The density of the present...
I write urgent pleas to a future me, begging him to tell me that it gets better, that we make it through, that tomorrow will hurt less than today.
I reply from a later time. I write letters to the scared and lonely person that I was just days, weeks, years, or even moments before this one. I temper honesty with compassion, and I try to answer.
I tell him that almost nothing ever gets easier, but resilience is a muscle. Persistence is a skill.
Not everything gets better, but some things do.
Some hurts will hurt less. Some will hurt the same. For better or for worse, you’ll find new hurts everyday. But, you’re still here. You’re ok.
Nick Cave says that “joy exists both in the worst of the world and within the best". That it "often finds its true voice within its opposite". That "Joy sings small, bright songs in the dark”. The books you’re reading, the words you’re writing, the things you’re making, everything you do, it makes a difference, it adds up, it helps to soothe. Every effort matters. It’s worth it. I promise.
Time "is not like a river, flowing in one direction," Madeleine L'Engle says, it is "more like a tree". We are rooted to a place in time, but we can grow above it. We can stretch past it. In a broad and reaching advance of branches branching beyond branching, we live across it.
We think that the past is somewhere different. Somewhere we've left behind. A place we used to be. We think that the future is something far off and away. Someplace way out there, but it isn't. It's all still right here.
Carlo Rovelli says that "the difference between the past and the future refers only to our own blurred vision of the world." Nothing escapes the gravitational pull of the present and that includes both the future and the past.

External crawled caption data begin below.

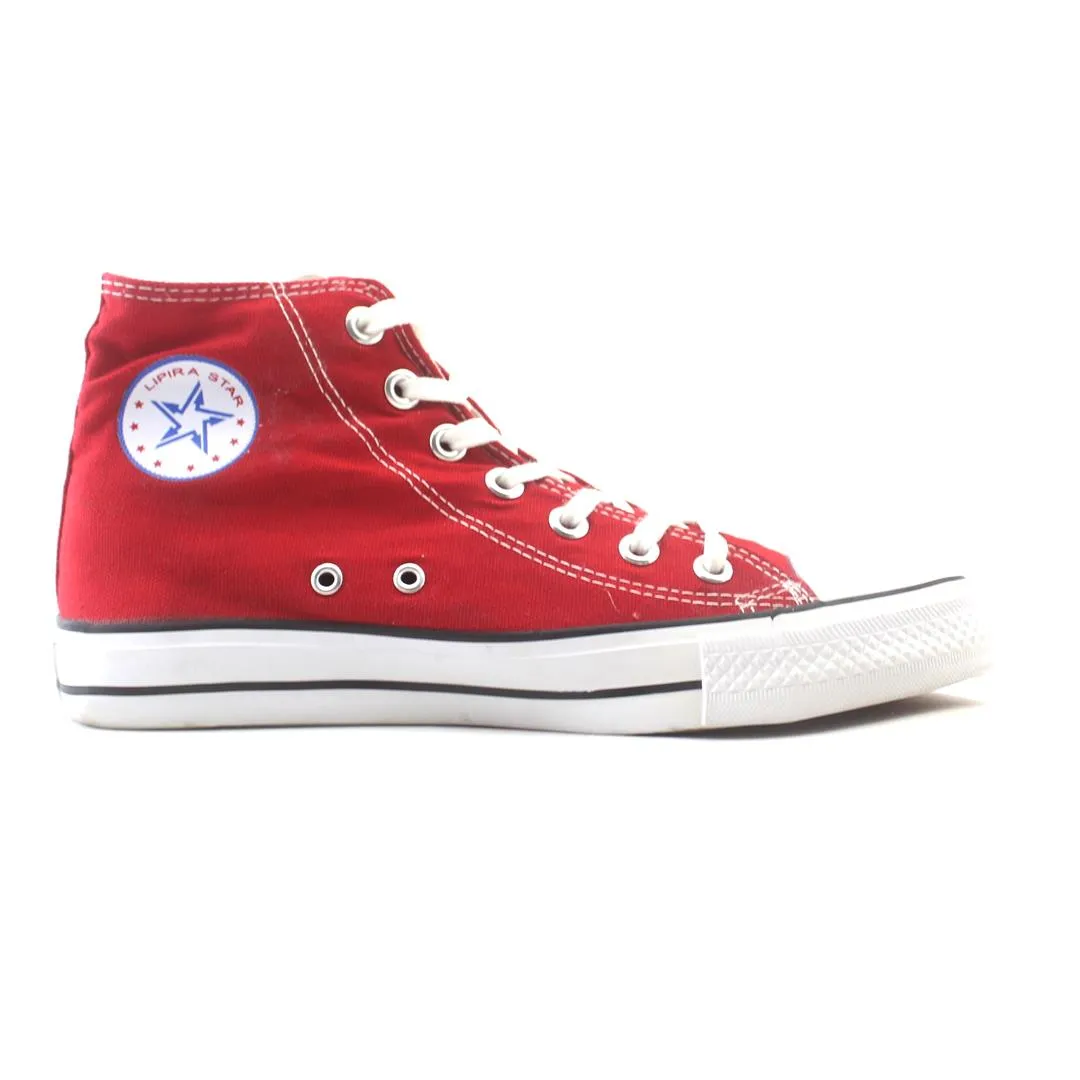 ALL SPORT LIPIRA STAR
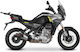 Gestell M0st14st Top Master Moto Guzzi Stelvio 1000 '24-'25 Shad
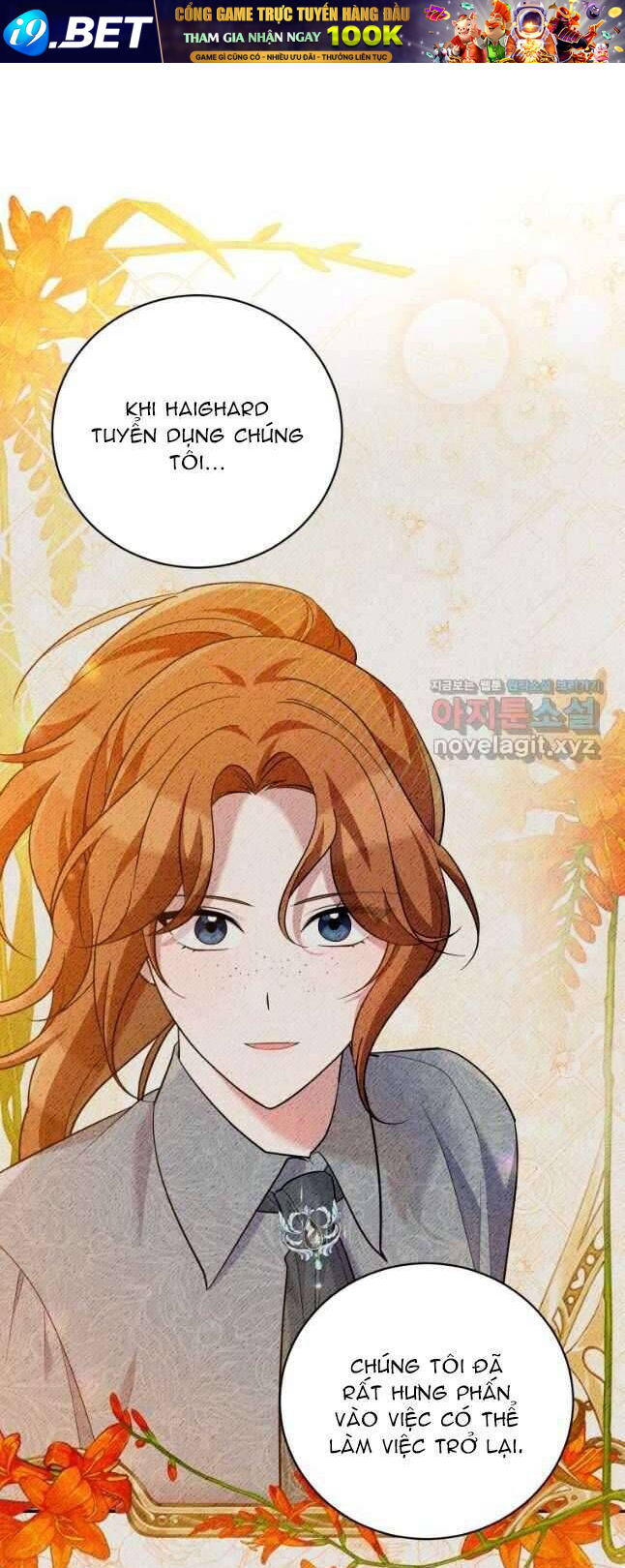 Hãy Ủng Hộ Kế Hoạch Trả Thù Của Tôi [Chap 22-93] - Page 21
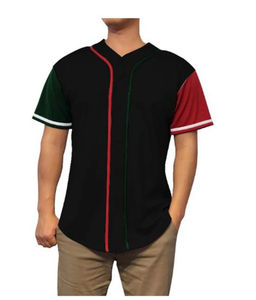 Ensembles de Tenues de Baseball Unisexe Personnalisables 2025 – Meilleur Prix de Gros, Logo sur Mesure, Design Personnalisé, Coupe Ajustée, Séchage Rapide, Respirant - Product Image 1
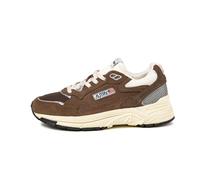 Autry Hyperway W *Suede / Mesh* 40 / Cotto / Marshmallow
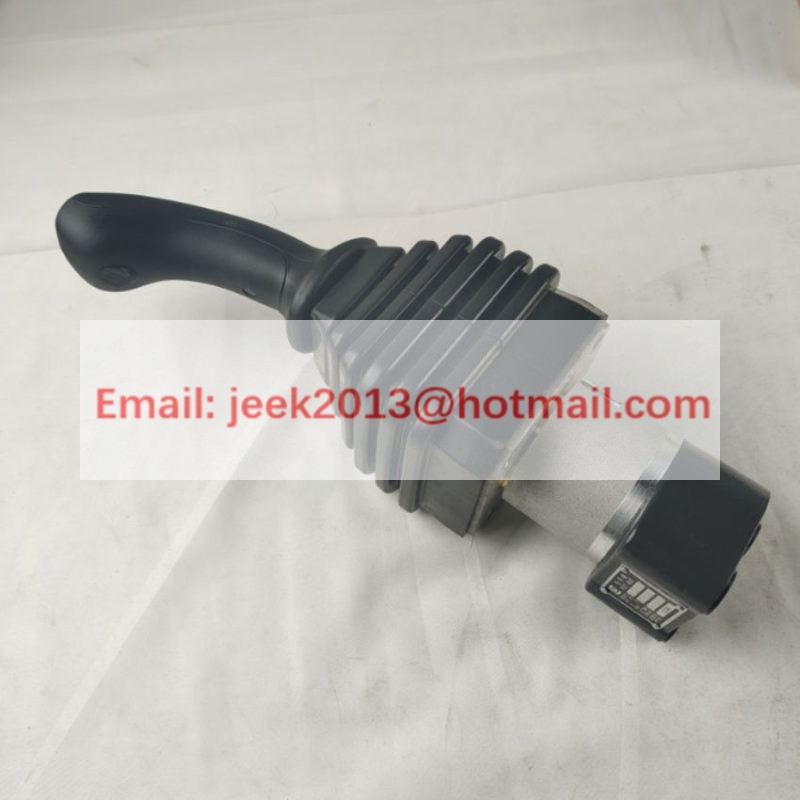 12C4608 4TH6U06A PILOIT VALVE FOR LIUGONG CLG836 WHEEL LOADER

Everything that has ever happened, everything still to come, everyone that has ever lived, everyone that ever will, every person you've ever been, every person you will be, are always within reach, always ready at hand. None of it ever leaves. The present keeps pulling it along, reaching back and out and forward and pulling it all to 'here'.
And yet, even after countless admonitions to be present, here is the place we still struggle to appreciate being. The problem is not one of distance, but of density.

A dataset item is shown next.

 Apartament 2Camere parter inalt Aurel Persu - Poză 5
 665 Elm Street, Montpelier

For most of us the present lacks potency, lacks profundity, because we have narrowed the moment to a sliver. We have made it into something confined.
It’s true that “Our ‘present’ does not extend throughout the universe”, that “It is like a bubble around us”, says Carlo Rovelli, but we can control its circumference. We can seek to increase its diameter.
To live more fully across time is to increase, one's "personal density". It is to increase the mass of the moment, to broaden the breadth of nearness and immediacy. It is to recognize the overwhelming extent of our "temporal bandwidth" that is always available right here. It is to recognize the tremendous width of now. "The more you dwell in the past and in the future", Thomas Pynchon says, “as they exist in the here and in the now, the thicker the density of your here-ness, the more solidity will be added to who you are.” You can transform your locality into a range of amplitude.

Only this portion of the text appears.